La couverture du livre d’Ivan Jablonka, « Laëtitia ». | SEUIL

Quel est votre rapport au journal « Le Monde » ?

Je lis Le Monde depuis que j’ai 15 ans. J’y ai découvert, précisément, le monde : la société, l’international. Cela a formé l’historien que je suis. On dit souvent du journaliste qu’il est au service de l’« actu » ou de l’« info ». Mais un historien vit aussi dans le présent : sa vie, ses questionnements et ses sources appartiennent au présent, lequel est composé de strates de passé, des passés qui se sont accumulés jusqu’à former notre monde.

Remonter ces strates, c’est être passionnément contemporain. Faire de la recherche, c’est enquêter, interroger des gens, rassembler des preuves. Pour cette raison, le chercheur et le journaliste, ainsi que le juge d’instruction, ont un lien de parenté. Leur fonction est de dire des choses vraies sur le monde. La démocratie a besoin d’eux.

Qu’est-ce qui fut premier dans le désir d’écrire « Laëtitia » ?

Si j’ai choisi ce fait divers là, c’est parce qu’il est complètement hors normes : par la gravité du crime, par le fait qu’on a mis des semaines à retrouver le corps de Laëtitia, par l’onde de choc que les médias ont répercutée à travers tout le pays. En outre, ce fait divers est devenu une affaire d’Etat : le président de la République de l’époque, Nicolas Sarkozy, s’en est emparé pour en faire un objet politique, durcir la législation pénale et attaquer les juges. Je ne vois pas d’autre fait divers récent qui soit devenu une affaire d’Etat. Pour l’historien et l’écrivain, il y avait là un objet fascinant.

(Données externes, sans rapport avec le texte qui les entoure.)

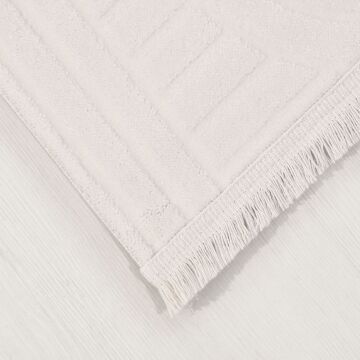 Crea Halı Londra Özel Ebat 11523K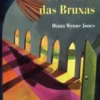 A Semana das Bruxas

Cependant, mon livre n’est pas centré sur un fait divers, ni sur la figure d’un criminel, mais sur la vie de Laëtitia : ce renversement de perspective est fondamental. Je ne me suis pas tant intéressé à la « victime » (car c’est toujours rapporter la jeune femme au crime) qu’à la disparue, celle qui est absente. J’ai essayé de retracer sa vie, depuis son enfance jusqu’à sa mort, en rappelant que Laëtitia a été un bébé, une fillette, une adolescente, une jeune fille sur la voie de l’émancipation.

J’ai été touché par son parcours, que j’ai abordé sous l’angle de deux faits sociaux : la vulnérabilité des enfants et les violences subies par les femmes. Il m’a paru intéressant de comprendre la vie de Laëtitia dans sa plus pure singularité, mais aussi en la rapportant à des collectifs plus vastes qu’elle : un milieu, une société, sa génération, notre époque, une configuration sociale et politique.

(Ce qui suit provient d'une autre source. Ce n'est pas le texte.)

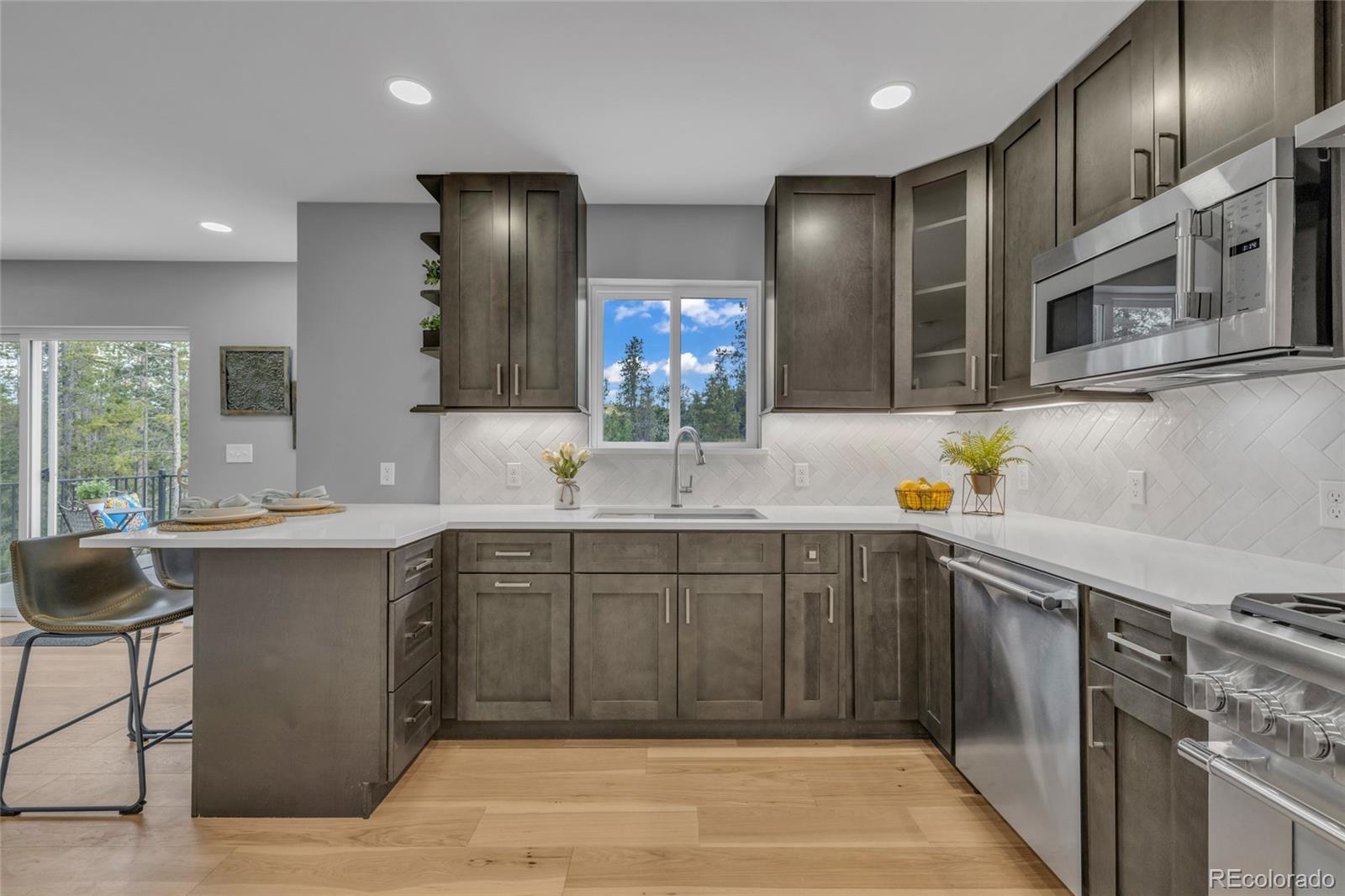 MLS Image #16 for 10997  vickery avenue,conifer, Colorado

Comment se justifie l’implication de votre subjectivité dans le texte ?

L’histoire s’écrit souvent d’un point de vue abstrait, de surplomb, comme si le chercheur était extérieur au tableau. Or, avant d’être historien, je suis un humain parmi les humains, je suis un enquêteur qui va et vient entre le présent et les passés. Ce parti pris est le mien depuis mon Histoire des grands-parents que je n’ai pas eus (Seuil, 2012).

J’ai poursuivi l’expérience dans Laëtitia, que j’ai écrit comme un chercheur et comme un écrivain, mais aussi comme le père de trois filles, comme un citoyen soucieux de l’état de notre société, et aussi comme un homme. Je le dis au sens masculin, car les violences qu’ont subies Laëtitia, sa sœur, leur mère, il faut les regarder en face, collectivement, et tant qu’il y a des hommes, des femmes et des rapports de domination.